• **PROBLEM STATEMENT**:
For every line in the material, output its text exactly and exclude any image it holds.

• **RECORDED DATA**:
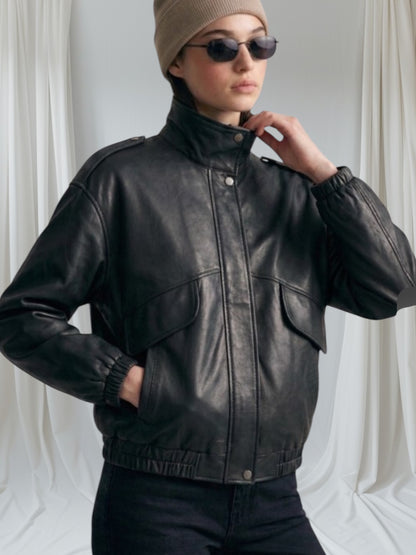 Faux Leather Faux Jacket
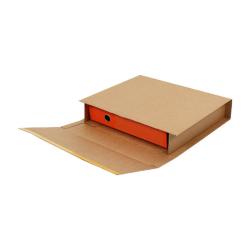 Cardboard Book Box 350x320x80 mm Brown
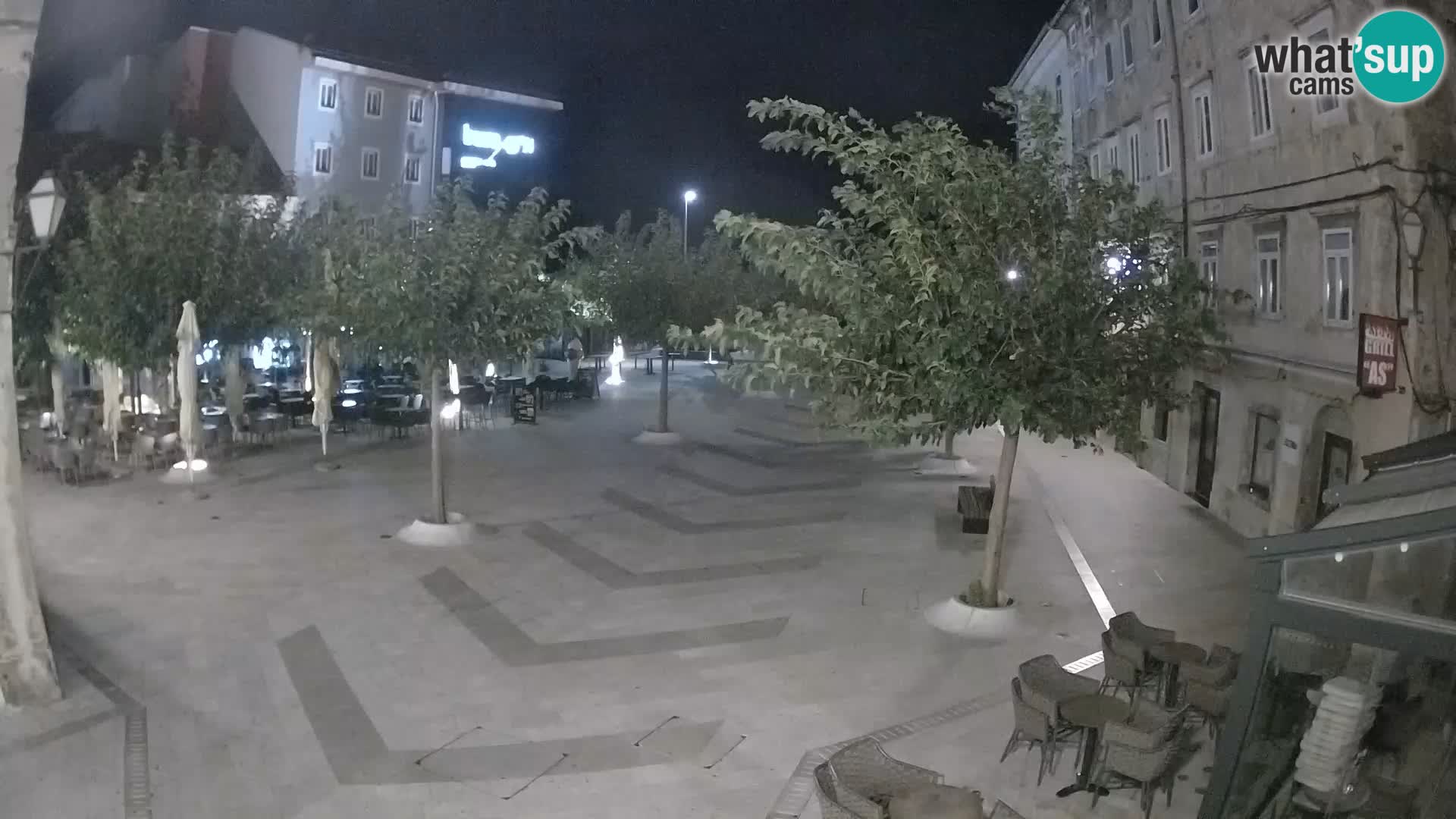 Zentrum der Stadt Senj – Pavlin platz – Live Cam Dalmatia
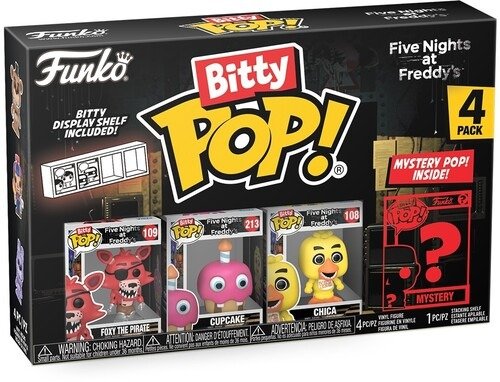 Bitty Pop Five Nights at Freddys Foxy 4 Pack - Bitty Pop Five Nights at Freddys - Merchandise - Funko - 0889698730457 - 25. Oktober 2023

• **YOUR SOLUTION**:
 Faux Leather Faux Jacket
 Cardboard Book Box 350x320x80 mm Brown
 Zentrum der Stadt Senj – Pavlin platz – Live Cam Dalmatia
 Bitty Pop Five Nights at Freddys Foxy 4 Pack - Bitty Pop Five Nights at Freddys - Merchandise - Funko - 0889698730457 - 25. Oktober 2023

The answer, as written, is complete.